- _EXERCISE AIM_:
Reproduce exactly, and only, the lines below from the one containing "Two people sit" through the one containing "a view of a".

- _EXERCISE MATERIAL_:
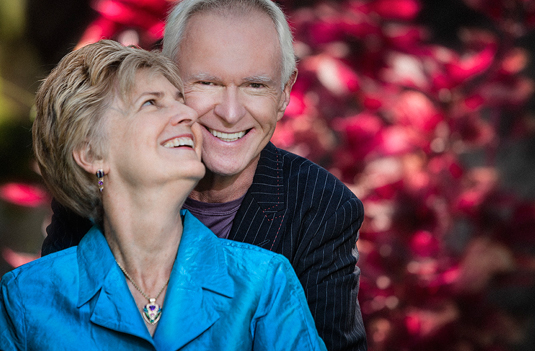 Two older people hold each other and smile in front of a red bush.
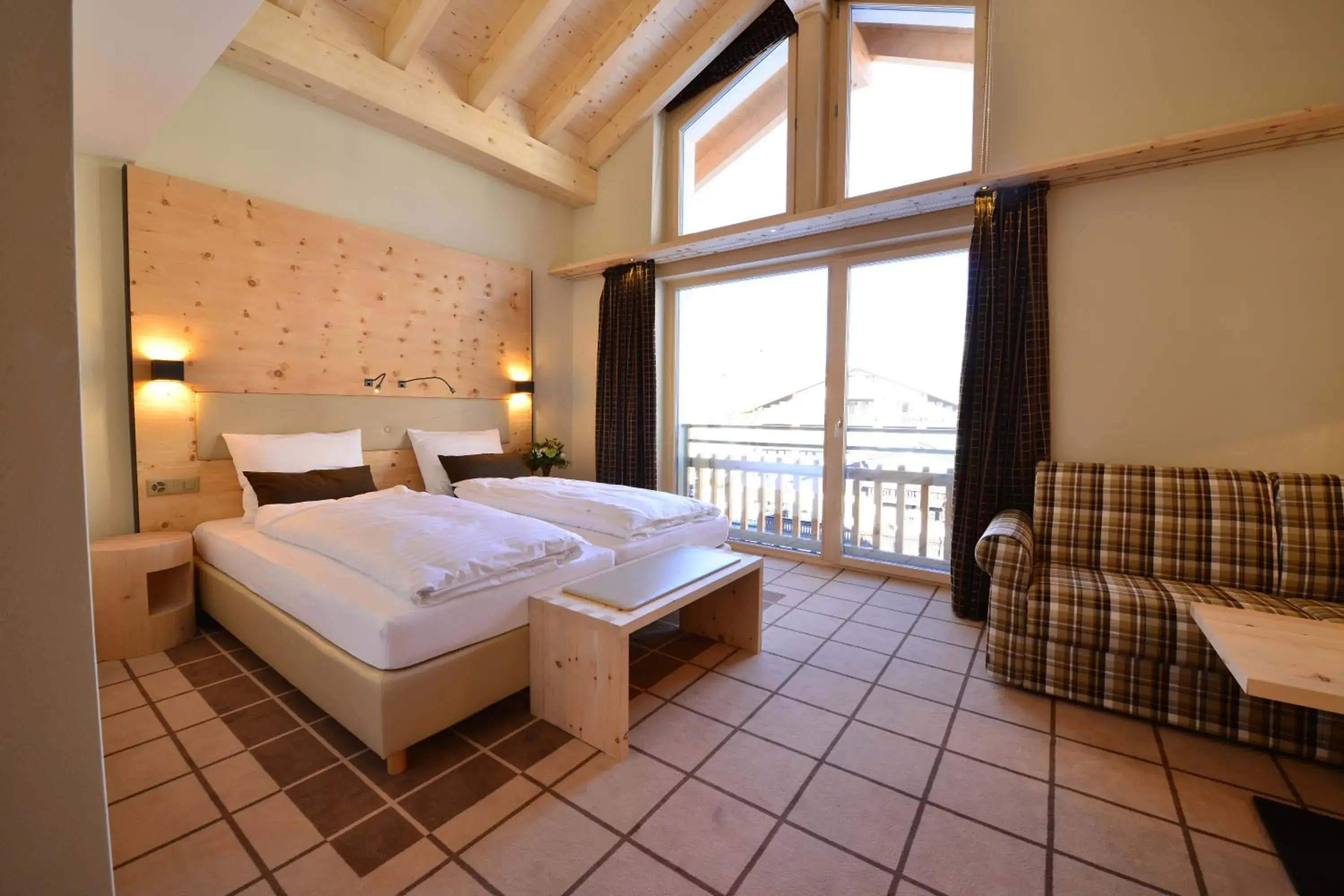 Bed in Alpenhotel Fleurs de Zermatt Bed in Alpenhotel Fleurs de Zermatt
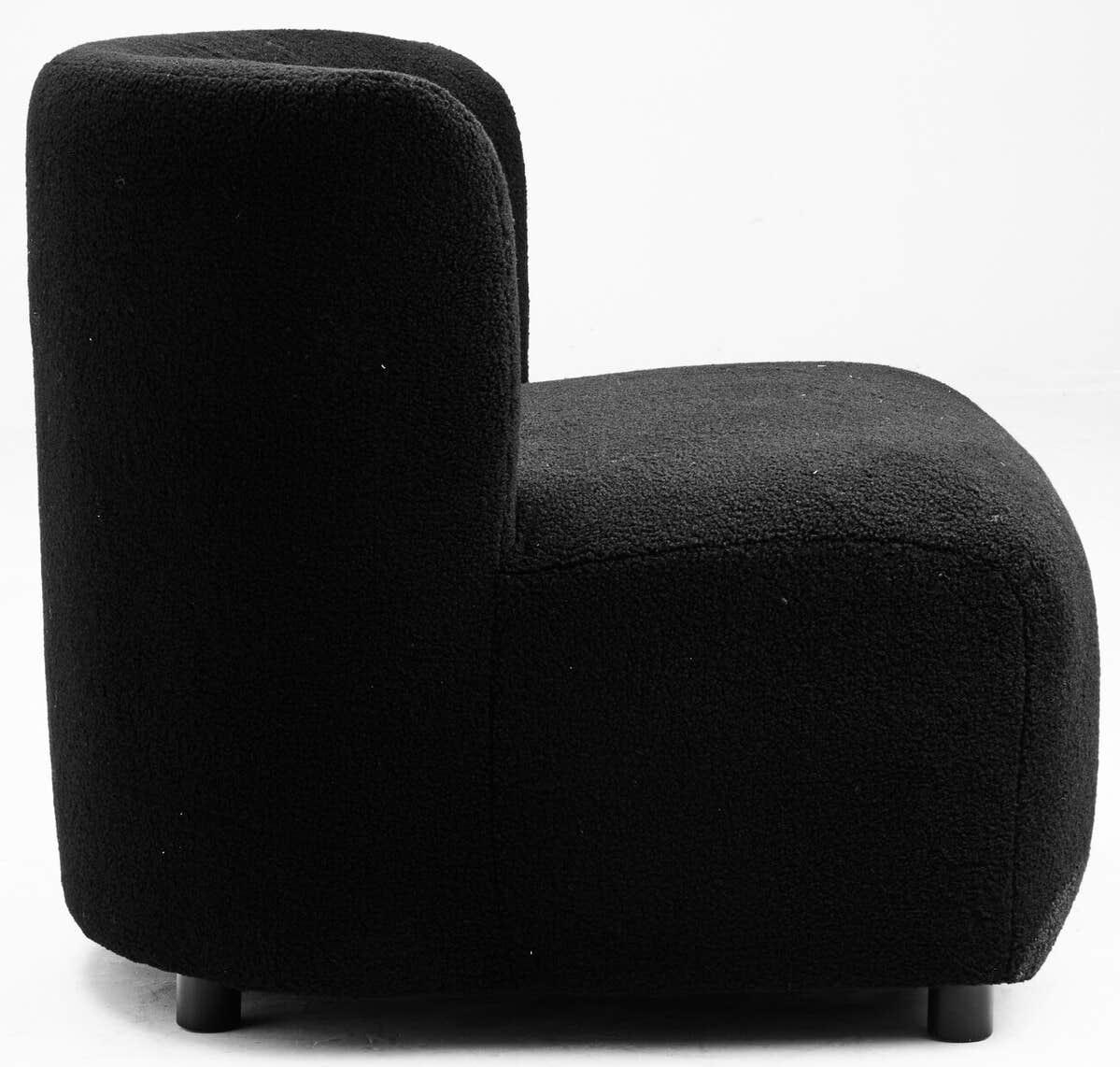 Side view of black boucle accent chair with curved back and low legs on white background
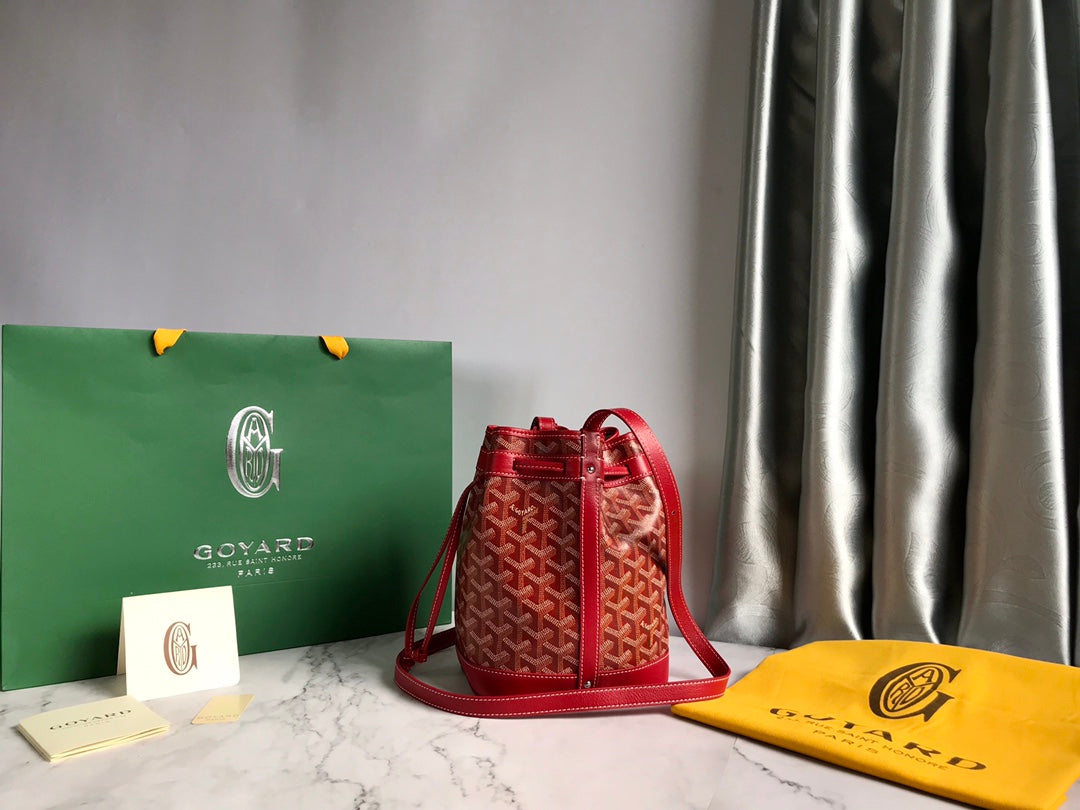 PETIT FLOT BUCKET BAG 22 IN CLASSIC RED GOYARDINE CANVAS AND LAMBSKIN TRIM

...

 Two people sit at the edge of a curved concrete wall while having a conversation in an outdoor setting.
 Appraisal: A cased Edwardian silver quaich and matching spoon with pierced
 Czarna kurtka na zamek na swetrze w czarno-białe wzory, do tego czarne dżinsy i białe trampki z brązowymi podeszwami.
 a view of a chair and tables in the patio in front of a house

- _TASK RESULT_:
 Two people sit at the edge of a curved concrete wall while having a conversation in an outdoor setting.
 Appraisal: A cased Edwardian silver quaich and matching spoon with pierced
 Czarna kurtka na zamek na swetrze w czarno-białe wzory, do tego czarne dżinsy i białe trampki z brązowymi podeszwami.
 a view of a chair and tables in the patio in front of a house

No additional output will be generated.